The Oilers are undefeated through four games, no not just undefeated; they’ve won all four games. I know, it’s a shocker. I even tried to make a bet with Steve Dangle that the Oilers wouldn’t win their first three games this year, which he refused to take because who would bet on the Oilers, right?

Did the Oilers find a way to turn one of the worst batches of wingers in recent league history into a juggernaut led by Connor McDavid and Leon Draisaitl?

Well, there’s good news and bad news. The good news is that the Oilers aren’t a disaster by any means. Head coach Dave Tippett has them playing a low-event style at even strength that relies on their elite players making bank on fewer chances, while minimizing chances against.

Only five teams are giving up fewer high-danger chances at 5-vs-5, but overall the Oilers are still being out-chanced at even strength, though they’ve managed to produce as much as they’ve given up off the rush and off the cycle.
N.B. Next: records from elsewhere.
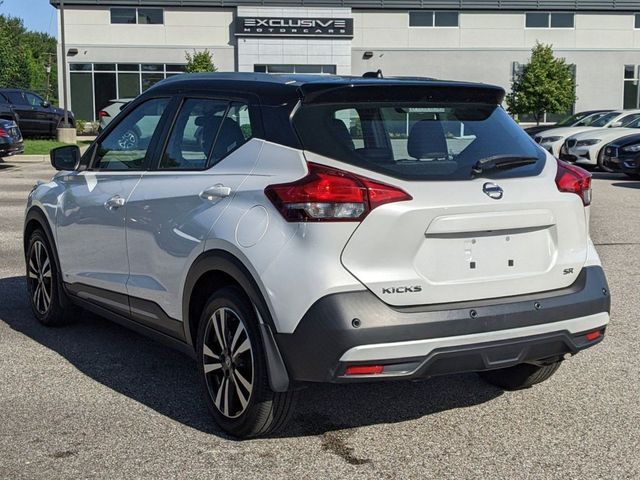 2020 Nissan Kicks SR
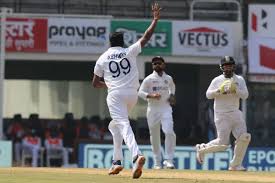 Unfortunate way to go, but she's gone. Eng Vs Ind Two Quick Wickets For India Just Before Lunch England 67 2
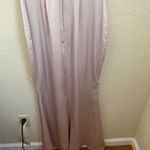 House Of CB  | Olivette Corset Maxi Dress‎ I'm Crystal satin Size Large NWOT Photo 9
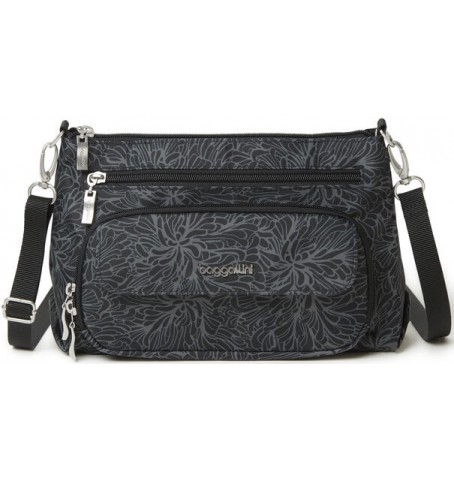 Baggallini OEV523 ORIGINAL RFID EVERYDAY CROSSBODY - Black - OEV523$01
The dominant looking start is fiction, but the strategy the Oilers are employing is pretty smart. If you can be even in scoring chances with your opponents despite having decidedly less talent, but the guys creating your chances are McDavid and Draisaitl, you take that.

James Neal

Key to the Oilers’ incredible start has been James Neal equaling his goal production from an entire season with the Calgary Flames in four games with the Oilers. He leads the league in goals with seven, and he’s scoring on nearly half his shots on goal.
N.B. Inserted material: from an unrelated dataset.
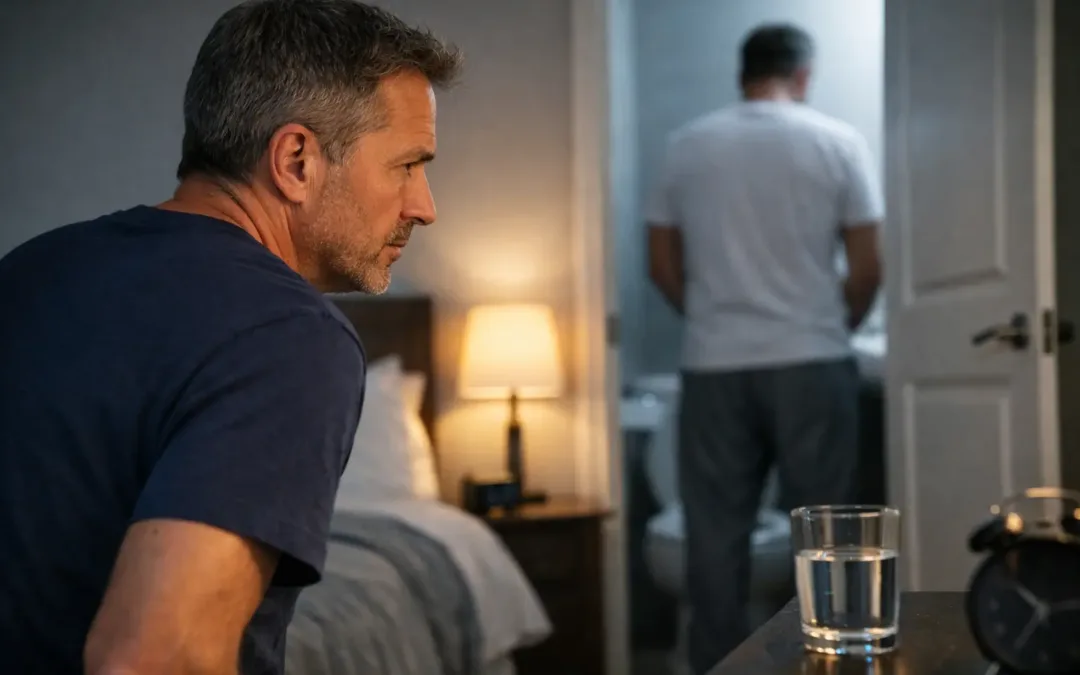 Is Nocturia Normal in Men? What Nighttime Urination Means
Obviously that can’t continue, though we know that Neal has a very long history of being a good goal scorer. If anything, the assumption despite his age should be that his brutal year in Calgary was the aberration, not the new normal.
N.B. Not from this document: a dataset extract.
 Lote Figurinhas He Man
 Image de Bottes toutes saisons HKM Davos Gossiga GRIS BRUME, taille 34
The NHL has Neal credited with 15 shots, but Sportlogiq has him at 14, so in actuality he is scoring on half his shots. 14 shots puts him at a tie for 20th among forwards.

Eight of those 14 shots on goal were from the slot, tying him for 26th in the league. Five of them were from the inner slot, which is up a bit higher, tied for 17th. All those are good signs for Neal, but even with McDavid setting him up in some prime shooting areas, his expected goal total on those shots is about two.

So we’ll call this start fiction, with the caveat that Neal has done exactly what was asked and expected of him, and looks primed to bounce back from a down goal scoring year.